Some days I walk alone. Some days I walk with a friend. Some days I hum. Some days I go blank. Some days I fixate and regret. But I walk and walk and walk. Sunlight can't penetrate walls, and wind can’t breathe through closed windows. And all the action happening outside the windows in front of my desk bears no sound. I need the 3 o’clock walk. I need to participate. I need to engage. I need the elements. The activity. The peace. I need the pace slowed down. I need a path with different texture. I need to rearrange. 

I love my 3 o’clock walk. 

Monday, May 14, 2012

Day 134: Happy Belated Mother's Day


If you’ve been in the midst of a good mother, you know it. They exude something special that’s almost impossible to describe. They possess some strange power that’s teaming with elements of loyalty, unwavering support, forgiveness, unconditional love, patience, understanding, and tolerance. Fathers can possess these same elements, but they seem to have trouble exhibiting all of them simultaneously. I guess I shouldn’t speak for all fathers. It would be more accurate to say I have trouble exhibiting all those elements at once, but I don’t think I’m alone. The ability to balance unwavering support and while showing patience at the same time, for example, is usually a deal-breaker for me. My nature is to lay out my expectations clearly and upfront. I don’t suffer fools too easily, and that includes my kids. Hence, when they fall short, out goes understanding and out goes patience. Enter mom.

The world would be a sad, sad place without mothers. Imagine if mothers died immediately after giving birth, as happens with some species. Imagine if all children were left to fend for themselves immediately upon entering the world. Imagine what an ugly, narcissistic, violent, everyman-for-himself place it would be. (More so than already, that is.) Imagine if kids didn’t have at least one kind, understanding face to look into. Imagine if they didn’t have at least one source of truth to count on.

Good mothers can make a life. A bad mother can break it beyond repair. A good mother can inspire and soothe. A bad mother can create a monster. A good mother can heal and transform a broken soul. A bad mother can mangle it beyond recognition. There’s an inherent power and force that mothers can wield for the positive that I’ve seen nothing else like.
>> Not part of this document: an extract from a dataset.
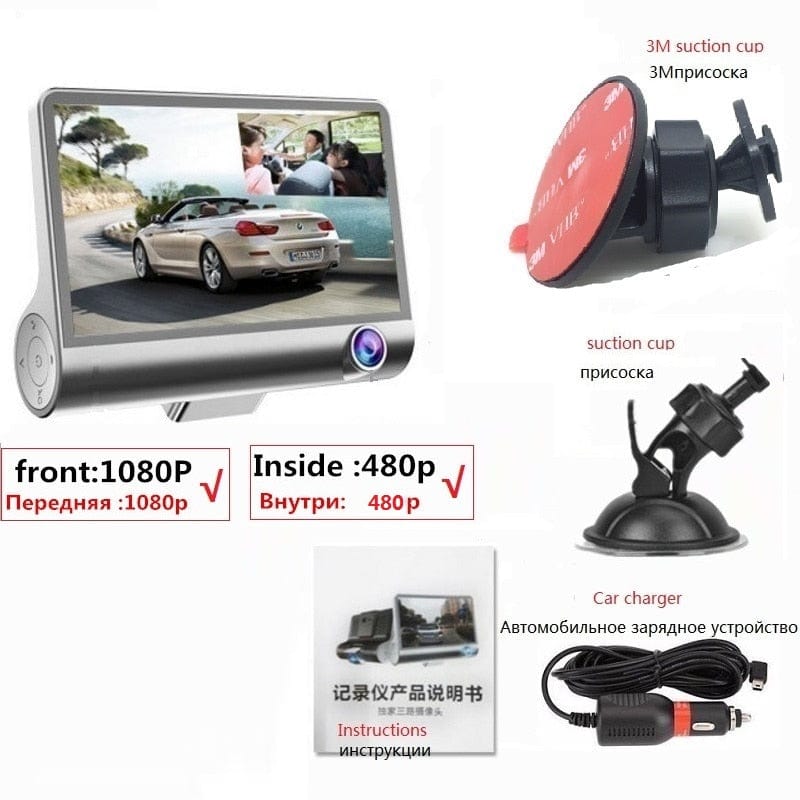 HD Night Car Dvr Dash Cam 4.0 Inch Video Recorder Auto Camera With Rear View Camera Dashcam - Smart Tech Shopping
I think of all types of mothers, I have the most admiration for single mothers, particularly those who are left with little to no help from a dead-beat dad. The strength and patience and devotion that such mothers must exhibit on a daily basis is amazing. There is no buffer for a single mother. She makes all the decisions. She takes all the blame. She holds all the responsibility. She is the bank. She is the bread winner. She is the emotional epicenter. She is the disciplinarian. She cooks all the meals. She cleans all the dishes. She mends all the cuts. She fixes all the breaks. She picks up all the slack. She is the sun and moon. There’s no divvying up chores and duties and parent-teacher conferences and waiting for a teenager to come home past curfew and reading books to a toddler and lending a shoulder to cry on. Take a close at people you know who were raised by a single mom. There’s a closeness there typically that goes beyond the norm.

I’ve been so lucky to be surrounded by strong, supportive, devoted mothers, including my own and my wife. Fortunately, you can be a man but still learn a thing or two from the way a strong mother conducts herself. Just watch how she protects her child. Watch how she guards her child. Watch how she covets. Watch how she partakes. Watch how she resolves.

For any of my faults and areas where I probably fall short as a dad, I like to think I have the best of intentions for my kids at heart. I know I’m offering them something positive that will help them as adults. I know they’re learning things from me, and I know I give of my time willingly and generously. But being a mother is different. A father can offer a sense of strength and protection to a child. A mother, though, offers comfort. Eases the pain. Alleviates the hurt. And she does it instinctively.  

Sunday, May 13, 2012

Day 133: Avengers

It's late, but let me say this, Avengers = movie viewing the way it's meant to be.